Ok..... tool is finished.... lets get onto the easy part.

First off remove the differencial cover on the bottom of the tranny..... allways note the position you are putting the tranny into on the floor.... use blocks of wood to ensure that parts are not bend.... take care with the input shaft as it stick out just past the edge of the casing.

This diff cover has a seal on it..... replace it if you want..... but it's easy to get at so I would probably just use some high temperature RTV silicone to seal it up when reassembling the differencial case.

Image

Next is the notched bearing retainer..... first off note the position of the retainer plate holding the notched ring in place.

Ideally take a center punch and lightly tap in a dot into the notch that is dead center in this retainer plate so that you can see it's position during reassembly.... ideally that dot will end up in the exact same place.... but it is possible to be off one way or another by a few notches depending on how the bearings seat.

As well take a felt and mark the edges of the retainer plate on the tranny as it has a small adjustment in postition that should be watched upon reassembly

Image

Now that the retainer plate is off use the tool I made above to remove the bearing retainer ring.

It's a tough thing to remove (at least it was on mine) so I suggest the use of a nice long breaker bar and an impact wrench if you have one.

Ideally this should be done with two people..... I did it by myself with a great deal of cursing.... as it seemed to go nicely for a half turn and then get really hard to move for a 1/4" turn.... I turned the first two turns with the breaker bar (sometimes smacking the breaker bar with a rubber malet ) and then I switched to an impact wrench for the last bit.

Image

After removal I put it back in and turned it in 1/16 of a turn just so that the differencial had something to rest against when I removed the plate on the other side.

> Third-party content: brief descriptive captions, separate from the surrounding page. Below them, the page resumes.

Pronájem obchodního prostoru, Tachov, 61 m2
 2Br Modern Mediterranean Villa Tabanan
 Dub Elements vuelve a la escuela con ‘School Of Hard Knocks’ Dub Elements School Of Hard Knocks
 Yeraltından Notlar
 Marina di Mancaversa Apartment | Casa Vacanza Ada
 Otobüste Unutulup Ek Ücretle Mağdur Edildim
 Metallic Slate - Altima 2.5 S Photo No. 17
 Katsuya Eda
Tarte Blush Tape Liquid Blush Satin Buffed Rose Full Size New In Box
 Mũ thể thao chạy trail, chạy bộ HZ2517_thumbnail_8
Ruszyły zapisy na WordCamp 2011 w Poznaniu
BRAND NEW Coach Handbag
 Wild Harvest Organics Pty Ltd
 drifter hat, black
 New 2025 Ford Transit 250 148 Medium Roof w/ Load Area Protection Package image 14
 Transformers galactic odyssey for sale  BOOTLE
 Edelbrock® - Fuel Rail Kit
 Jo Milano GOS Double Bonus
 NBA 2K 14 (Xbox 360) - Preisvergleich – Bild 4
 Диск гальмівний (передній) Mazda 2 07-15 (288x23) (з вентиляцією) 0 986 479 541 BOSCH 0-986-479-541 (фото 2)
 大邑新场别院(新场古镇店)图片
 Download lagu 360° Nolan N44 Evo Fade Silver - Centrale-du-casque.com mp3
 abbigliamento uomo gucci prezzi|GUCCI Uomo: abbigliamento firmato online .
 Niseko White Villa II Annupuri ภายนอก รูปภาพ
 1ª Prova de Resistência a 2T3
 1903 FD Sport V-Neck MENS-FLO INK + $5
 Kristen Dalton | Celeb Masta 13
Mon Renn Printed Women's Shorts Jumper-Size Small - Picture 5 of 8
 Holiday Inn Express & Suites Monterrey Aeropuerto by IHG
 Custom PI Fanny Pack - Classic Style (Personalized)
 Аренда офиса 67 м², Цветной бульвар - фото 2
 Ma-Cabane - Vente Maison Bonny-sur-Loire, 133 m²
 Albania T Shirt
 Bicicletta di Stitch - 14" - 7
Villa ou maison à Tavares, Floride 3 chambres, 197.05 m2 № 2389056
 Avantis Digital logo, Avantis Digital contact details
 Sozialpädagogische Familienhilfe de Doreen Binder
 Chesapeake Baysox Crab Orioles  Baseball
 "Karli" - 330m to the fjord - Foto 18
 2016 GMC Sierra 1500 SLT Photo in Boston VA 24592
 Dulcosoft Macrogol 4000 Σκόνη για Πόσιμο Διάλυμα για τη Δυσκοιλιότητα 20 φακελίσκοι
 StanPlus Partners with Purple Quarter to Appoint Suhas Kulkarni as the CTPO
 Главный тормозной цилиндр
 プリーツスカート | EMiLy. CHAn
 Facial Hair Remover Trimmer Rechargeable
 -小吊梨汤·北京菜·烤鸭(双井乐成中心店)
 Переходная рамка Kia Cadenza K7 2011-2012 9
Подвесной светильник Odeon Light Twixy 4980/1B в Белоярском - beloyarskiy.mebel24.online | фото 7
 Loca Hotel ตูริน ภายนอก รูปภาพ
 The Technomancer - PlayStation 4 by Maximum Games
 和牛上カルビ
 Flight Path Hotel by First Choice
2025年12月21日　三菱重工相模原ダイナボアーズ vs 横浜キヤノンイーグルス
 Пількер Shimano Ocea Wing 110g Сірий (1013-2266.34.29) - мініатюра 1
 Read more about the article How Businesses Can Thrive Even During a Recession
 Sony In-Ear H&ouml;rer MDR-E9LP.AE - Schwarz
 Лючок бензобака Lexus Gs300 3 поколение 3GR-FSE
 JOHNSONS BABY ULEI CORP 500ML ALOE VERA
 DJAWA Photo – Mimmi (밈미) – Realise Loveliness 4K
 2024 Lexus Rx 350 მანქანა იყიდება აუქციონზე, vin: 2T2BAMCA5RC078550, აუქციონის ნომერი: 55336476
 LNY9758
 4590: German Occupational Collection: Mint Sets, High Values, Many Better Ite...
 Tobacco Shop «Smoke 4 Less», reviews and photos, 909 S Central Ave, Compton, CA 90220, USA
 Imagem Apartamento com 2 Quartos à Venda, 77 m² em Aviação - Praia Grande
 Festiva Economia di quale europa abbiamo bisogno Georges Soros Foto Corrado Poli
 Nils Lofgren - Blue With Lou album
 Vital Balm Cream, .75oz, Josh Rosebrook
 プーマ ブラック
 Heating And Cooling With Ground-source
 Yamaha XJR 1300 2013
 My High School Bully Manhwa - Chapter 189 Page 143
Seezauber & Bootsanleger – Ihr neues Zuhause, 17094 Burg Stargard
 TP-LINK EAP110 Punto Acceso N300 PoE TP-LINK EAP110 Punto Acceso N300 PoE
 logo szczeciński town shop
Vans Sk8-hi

Speaking of the other side...... flip the tranny over and remove the bolts on the other retainer

Image

After the bolts are out I suggest lightly tapping on the retainer with a rubber mallet to rotate it slightly..... this will loosen it up enough that you can remove the cover with light prying using a screwdriver..... in my case it took one small pry with the screwdriver and then it came off by hand fairly easily.


Image

Finally remove both retainers and carfully slide the differencial out of the tranmsission case through the cover plate hole.